Begin at the line that holds "Adorable Wedding Couple Sticker" and copy each line exactly until the data below ends, including that last line but no pictures.

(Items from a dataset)
────────────────────

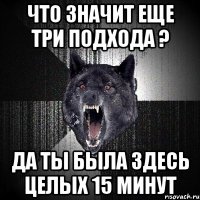 что значит еще три подхода ? да ты была здесь целых 15 минут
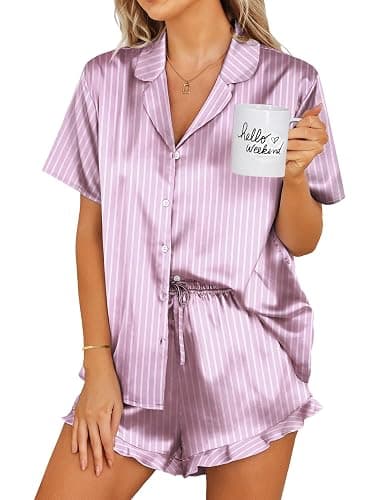 Ekouaer Womens Satin Pajamas Set Button Down 2 Piece Silk Pjs Shorts Set Ruffle Lingerie Notch Collar Sleepwear - Image 1
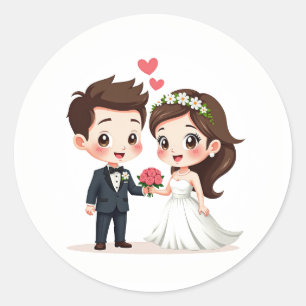 Adorable Wedding Couple Sticker 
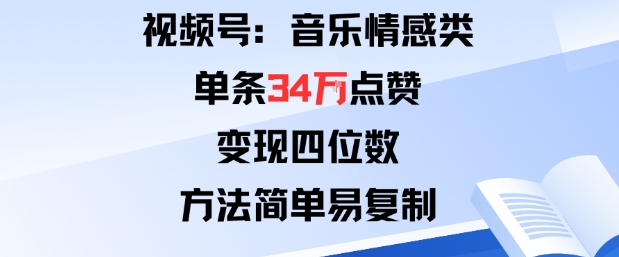视频号分成计划新玩法：音乐情感类单条34W点赞，变现四位数，方法简单易复制|HOOK协议网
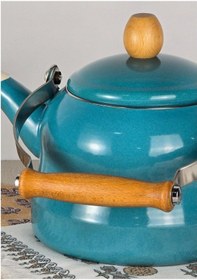 Resim Alev Vintage Ahşap Saplı Emaye Demlik Kettle 2,5lt Turkuaz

────────────────────

▸ **ANSWER FOR THIS EXERCISE**:
 Adorable Wedding Couple Sticker 
视频号分成计划新玩法：音乐情感类单条34W点赞，变现四位数，方法简单易复制|HOOK协议网
 Resim Alev Vintage Ahşap Saplı Emaye Demlik Kettle 2,5lt Turkuaz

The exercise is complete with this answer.